What you will do - For every record below, repeat the text exactly and pass over any image.

++++ Exercise data

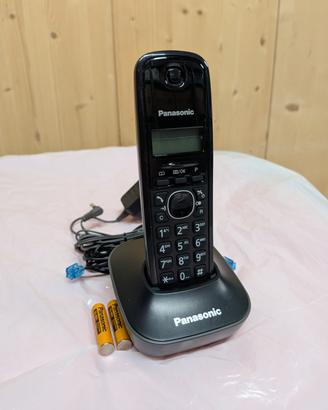 Cordless Panasonic KX-TG1611JT - Come Nuovo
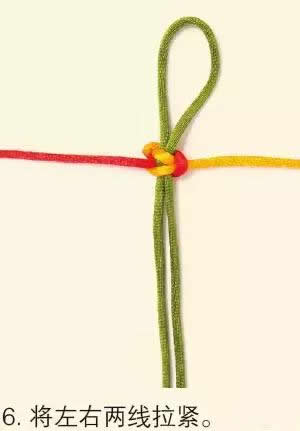 中国结编织手链玉玲珑教程，送给朋友都会喜欢！超赞的哦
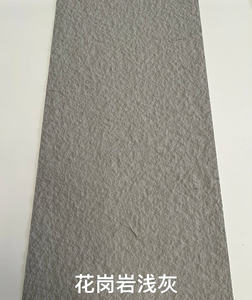 แผ่น<span class=keywords><strong>ว</strong></span>ีเนียร์หินเทียมลายหินอ่อนแบบยืดหยุ่น ดีไซน์ทันสมัย รูปแบบ 3 มิติ แผ่นใหญ่ สำหรับตกแต่งภายนอก<span class=keywords><strong>ว</strong></span>ิลล่า ให้ลุคธรรมชาติ - Product Image 3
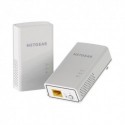 ADATTATORE POWERLINE NETGEAR PL1200-100PES CONF.2PZ Kit Powerline AV 1200M, porte 10/100/1000 RJ45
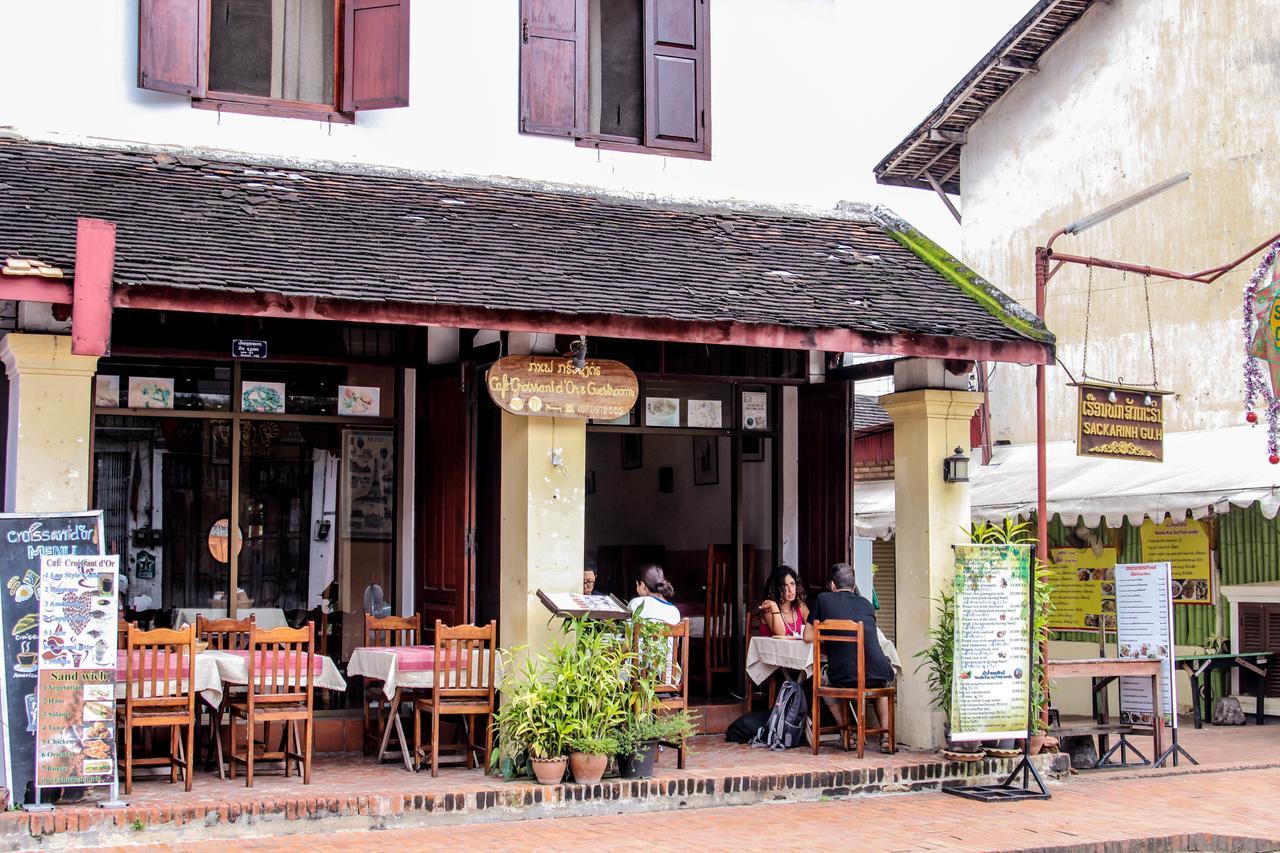 Croissant D'Or Guestroom By Avalon B&B Luang Prabang Eksteriør bilde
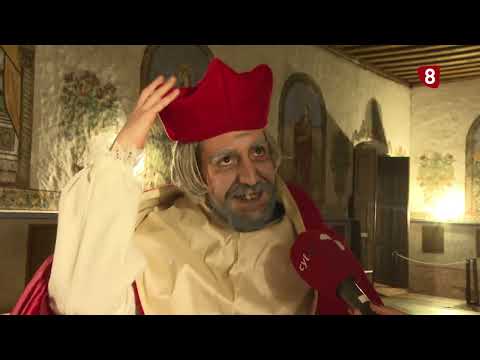 Enrique IV vuelve al Monasterio de San Antonio el Real de Segovia con una visita teatralizada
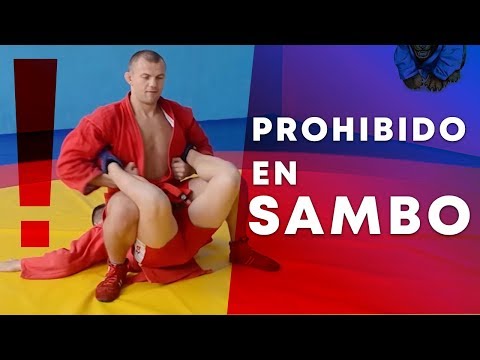 ACCIONES Y TÉCNICAS PROHIBIDAS EN EL SAMBO Y COMBAT SAMBO. REGLAS DE COMPETICIÓN DE SAMBO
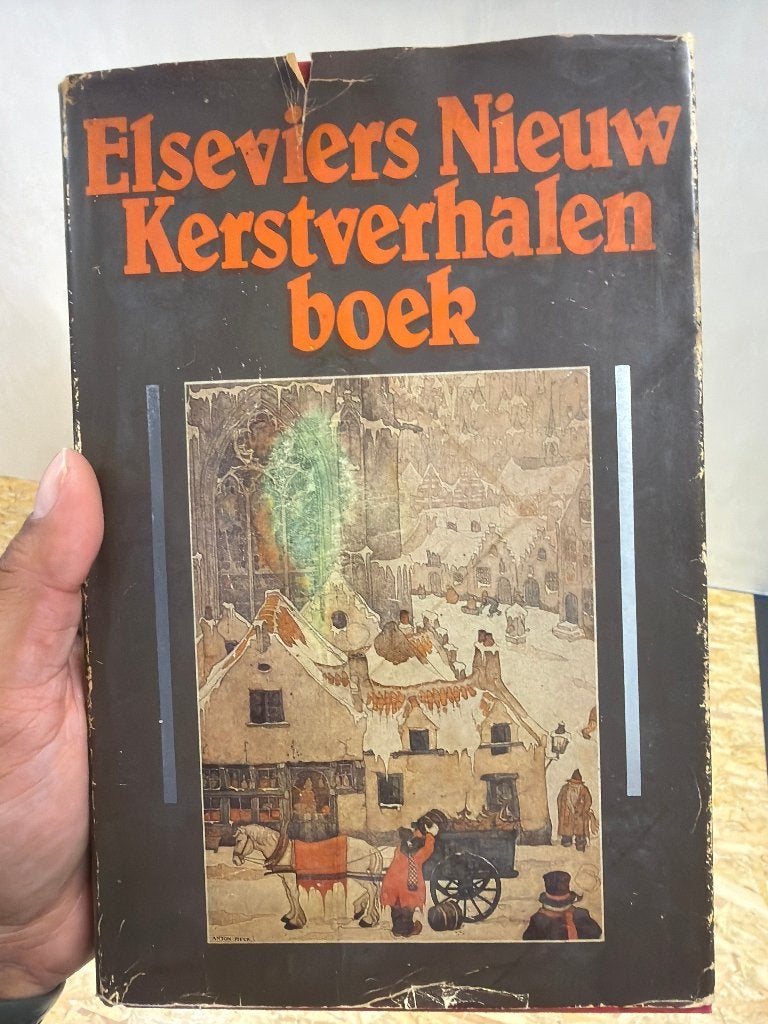 Elseviers Nieuw Kerstverhalenboek, Ophalen of Verzenden, Gelezen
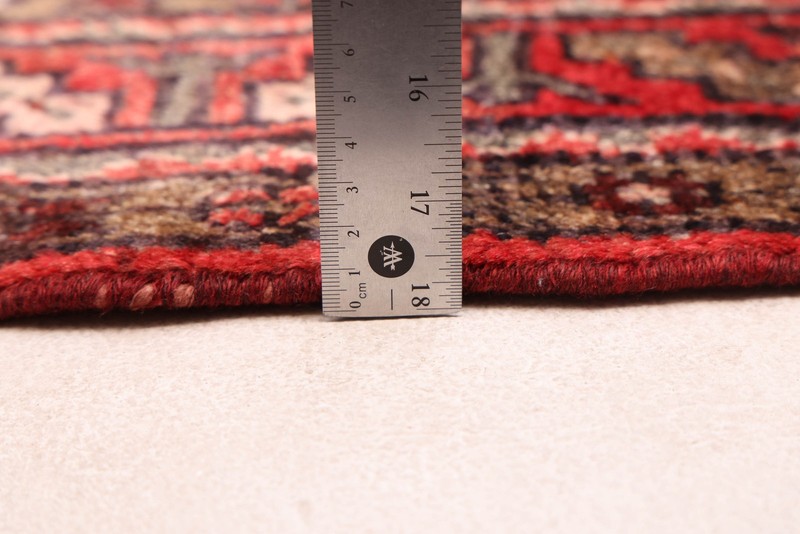Vintage Hand-Knotted Carpet 3'7" x 6'7" Traditional Oriental Wool Area Rug gallery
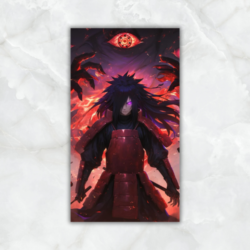 Cuadro Naruto - Madara Uchiha 001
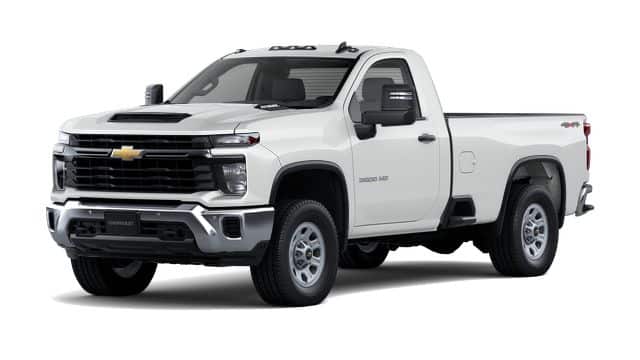 2026 Silverado 2500 HD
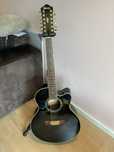 Gitara eltkroakustyczna 12 strunowa Ibanez AEL-2012 TKS1201 +futerał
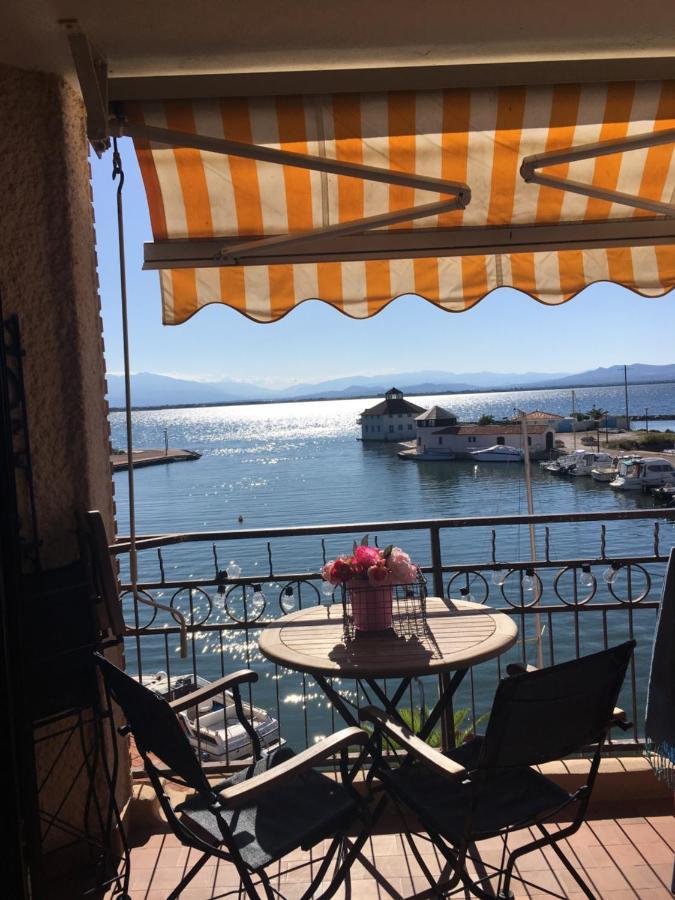 Appartement F3 Avec Jolie Vue Le Barcarès Buitenkant foto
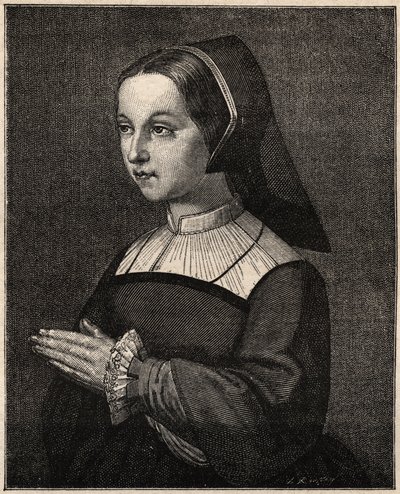 St. Jane Frances de Chantal - Portret van Sainte Jeanne-Francoise (Jeanne Francoise Fremyot, barones van Rabutin de Chantal) door Chantal Oprichter van de Visitatie (1572-1641) door Unknown artist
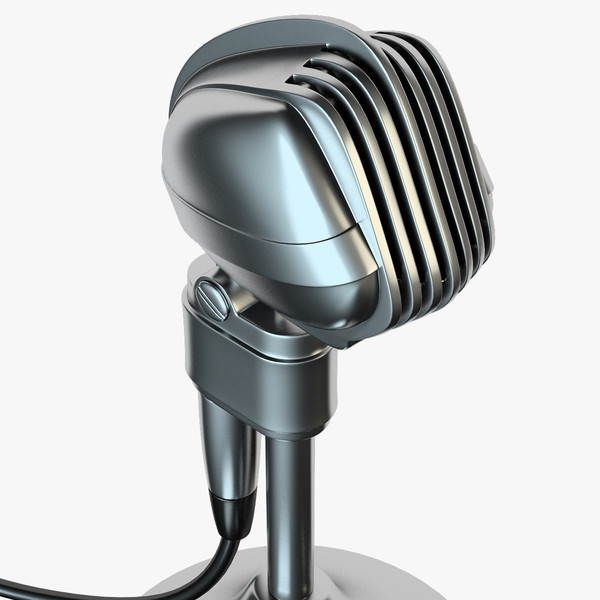 microphone 5 c4d - 5 Microphones Set by RomanPritulyak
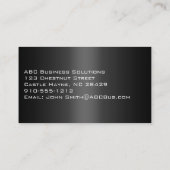 グレーシェードプロフェッショナル名刺 名刺 (裏面)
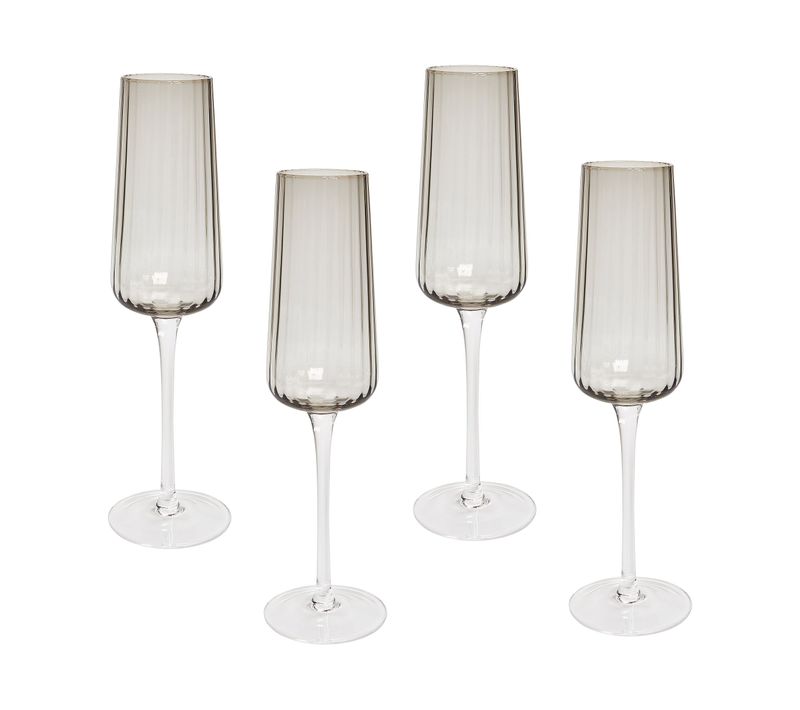 Flûtes à Champagne Quartz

++++++++

Answer to this exercise -
 Cordless Panasonic KX-TG1611JT - Come Nuovo
 中国结编织手链玉玲珑教程，送给朋友都会喜欢！超赞的哦
 แผ่น<span class=keywords><strong>ว</strong></span>ีเนียร์หินเทียมลายหินอ่อนแบบยืดหยุ่น ดีไซน์ทันสมัย รูปแบบ 3 มิติ แผ่นใหญ่ สำหรับตกแต่งภายนอก<span class=keywords><strong>ว</strong></span>ิลล่า ให้ลุคธรรมชาติ - Product Image 3
 ADATTATORE POWERLINE NETGEAR PL1200-100PES CONF.2PZ Kit Powerline AV 1200M, porte 10/100/1000 RJ45
 Croissant D'Or Guestroom By Avalon B&B Luang Prabang Eksteriør bilde
 Enrique IV vuelve al Monasterio de San Antonio el Real de Segovia con una visita teatralizada
 ACCIONES Y TÉCNICAS PROHIBIDAS EN EL SAMBO Y COMBAT SAMBO. REGLAS DE COMPETICIÓN DE SAMBO
 Elseviers Nieuw Kerstverhalenboek, Ophalen of Verzenden, Gelezen
Vintage Hand-Knotted Carpet 3'7" x 6'7" Traditional Oriental Wool Area Rug gallery
 Cuadro Naruto - Madara Uchiha 001
 2026 Silverado 2500 HD
 Gitara eltkroakustyczna 12 strunowa Ibanez AEL-2012 TKS1201 +futerał
 Appartement F3 Avec Jolie Vue Le Barcarès Buitenkant foto
 St. Jane Frances de Chantal - Portret van Sainte Jeanne-Francoise (Jeanne Francoise Fremyot, barones van Rabutin de Chantal) door Chantal Oprichter van de Visitatie (1572-1641) door Unknown artist
 microphone 5 c4d - 5 Microphones Set by RomanPritulyak
 グレーシェードプロフェッショナル名刺 名刺 (裏面)
 Flûtes à Champagne Quartz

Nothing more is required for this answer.